## Work order:
Give the data again exactly, from its opening line through the line in which "a living room with a fireplace" appears.

[Records from a data source]
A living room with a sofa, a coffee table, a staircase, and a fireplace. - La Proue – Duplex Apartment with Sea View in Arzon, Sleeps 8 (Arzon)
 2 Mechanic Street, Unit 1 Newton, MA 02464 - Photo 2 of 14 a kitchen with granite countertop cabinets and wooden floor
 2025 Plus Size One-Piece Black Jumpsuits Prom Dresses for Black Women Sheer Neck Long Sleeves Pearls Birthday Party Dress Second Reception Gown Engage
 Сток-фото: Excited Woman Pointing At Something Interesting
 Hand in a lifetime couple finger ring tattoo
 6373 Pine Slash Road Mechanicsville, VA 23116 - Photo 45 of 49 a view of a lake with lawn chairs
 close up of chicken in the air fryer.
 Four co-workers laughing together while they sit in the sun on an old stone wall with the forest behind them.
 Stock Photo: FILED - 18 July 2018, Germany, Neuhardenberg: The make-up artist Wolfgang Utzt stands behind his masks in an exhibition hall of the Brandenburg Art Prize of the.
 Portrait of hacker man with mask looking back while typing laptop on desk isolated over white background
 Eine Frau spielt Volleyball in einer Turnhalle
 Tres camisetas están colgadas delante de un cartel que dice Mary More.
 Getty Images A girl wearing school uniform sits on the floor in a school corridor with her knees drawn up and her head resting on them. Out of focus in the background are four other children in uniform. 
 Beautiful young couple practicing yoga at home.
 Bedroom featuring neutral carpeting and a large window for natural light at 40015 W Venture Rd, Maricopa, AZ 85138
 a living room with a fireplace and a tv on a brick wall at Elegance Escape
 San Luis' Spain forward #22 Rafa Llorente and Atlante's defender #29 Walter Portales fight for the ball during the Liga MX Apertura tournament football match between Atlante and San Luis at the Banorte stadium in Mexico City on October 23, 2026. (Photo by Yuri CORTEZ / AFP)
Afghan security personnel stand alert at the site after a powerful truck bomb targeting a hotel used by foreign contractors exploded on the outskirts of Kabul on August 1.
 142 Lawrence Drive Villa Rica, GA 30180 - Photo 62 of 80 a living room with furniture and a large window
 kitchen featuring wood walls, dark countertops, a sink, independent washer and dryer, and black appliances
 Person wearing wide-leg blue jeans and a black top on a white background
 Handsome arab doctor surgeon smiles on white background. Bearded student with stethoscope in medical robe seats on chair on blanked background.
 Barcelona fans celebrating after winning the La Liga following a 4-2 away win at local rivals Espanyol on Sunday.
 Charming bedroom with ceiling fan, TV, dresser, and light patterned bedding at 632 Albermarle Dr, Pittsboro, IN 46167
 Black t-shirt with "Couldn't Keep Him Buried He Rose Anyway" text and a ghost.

## Response:
A living room with a sofa, a coffee table, a staircase, and a fireplace. - La Proue – Duplex Apartment with Sea View in Arzon, Sleeps 8 (Arzon)
 2 Mechanic Street, Unit 1 Newton, MA 02464 - Photo 2 of 14 a kitchen with granite countertop cabinets and wooden floor
 2025 Plus Size One-Piece Black Jumpsuits Prom Dresses for Black Women Sheer Neck Long Sleeves Pearls Birthday Party Dress Second Reception Gown Engage
 Сток-фото: Excited Woman Pointing At Something Interesting
 Hand in a lifetime couple finger ring tattoo
 6373 Pine Slash Road Mechanicsville, VA 23116 - Photo 45 of 49 a view of a lake with lawn chairs
 close up of chicken in the air fryer.
 Four co-workers laughing together while they sit in the sun on an old stone wall with the forest behind them.
 Stock Photo: FILED - 18 July 2018, Germany, Neuhardenberg: The make-up artist Wolfgang Utzt stands behind his masks in an exhibition hall of the Brandenburg Art Prize of the.
 Portrait of hacker man with mask looking back while typing laptop on desk isolated over white background
 Eine Frau spielt Volleyball in einer Turnhalle
 Tres camisetas están colgadas delante de un cartel que dice Mary More.
 Getty Images A girl wearing school uniform sits on the floor in a school corridor with her knees drawn up and her head resting on them. Out of focus in the background are four other children in uniform. 
 Beautiful young couple practicing yoga at home.
 Bedroom featuring neutral carpeting and a large window for natural light at 40015 W Venture Rd, Maricopa, AZ 85138
 a living room with a fireplace and a tv on a brick wall at Elegance Escape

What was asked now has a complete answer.